BRITE Pivot: Nanomechanics of Strongly Correlated Materials
openNSF
Strongly correlated materials are an emerging class of materials where electron-electron correlations play an important role. The strong electron-electron correlations give rise to unique mechanical, thermal, chemical, optical, and electrical properties with applications in lightweight high-strength alloys, energy conversion, catalysis, and porous materials for sensing and separations. Despite their importance, the mechanical characterization of these materials including their properties, stress-strain behavior, surface mechanics, and dynamical response under loading remain elusive. The challenges in characterizing these materials originate from the lack of methods that can accurately determine the electron-electron correlation energies and scale reasonably with the number of electrons on classical computers. Quantum computers offer a potentially attractive approach to tackle these difficult problems. This BRITE PIVOT award supports fundamental research that seeks to develop algorithms to understand the mechanics of strongly correlated materials on quantum computers. The education and outreach plan includes training opportunities in the highly interdisciplinary areas of quantum computing, mechanics, and correlated materials, undergraduate research mentoring, a workshop for graduate students and postdocs pursuing careers in research, and public dissemination of project outcomes, especially a video module on introductory quantum computing concepts.

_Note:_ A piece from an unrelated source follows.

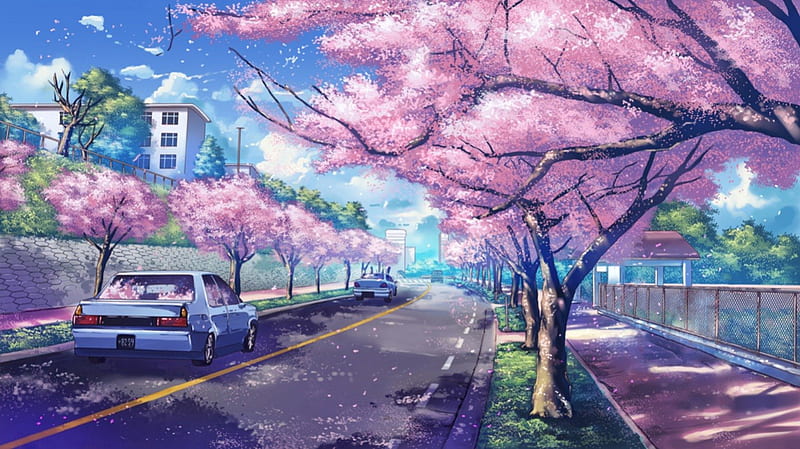 anime scenery cherry blossoms background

Understanding the mechanics of correlated materials is challenging because of the strong role electron-electron interactions play in the total energy of a material. Quantum-mechanical methods such as the density functional theory are widely used to compute electron-electron interaction energy. However, density functional theory can be inaccurate for strongly correlated materials and beyond density functional theory methods such as, for example, coupled cluster, are needed. While beyond density functional theory methods can treat electron-electron interactions more accurately, they exhibit exponential scaling on classical computers and are not suitable for correlated materials. Quantum computers are a promising solution for correlated materials as they exploit superposition and entanglement principles and can potentially perform calculations in a computationally efficient manner. To accurately determine the electron-electron correlation energy and the total energy of a material, this research will perform computations that will use hybrid classical and quantum hardware and a fragmentation-based framework that integrates variational quantum eigen solver with post Hartree-Fock electronic structure methods like coupled cluster. Once the energy and its variation with strain is understood, fundamental mechanics studies focusing on mechanical properties, anharmonicity, stress-strain behavior, failure, surface adsorption, dynamic behavior under loading, and other phenomena will be performed. The knowledge generated looks to relate electron correlation effects to fundamental mechanics of this emerging class of materials.
This award reflects NSF's statutory mission and has been deemed worthy of support through evaluation using the Foundation's intellectual merit and broader impacts review criteria.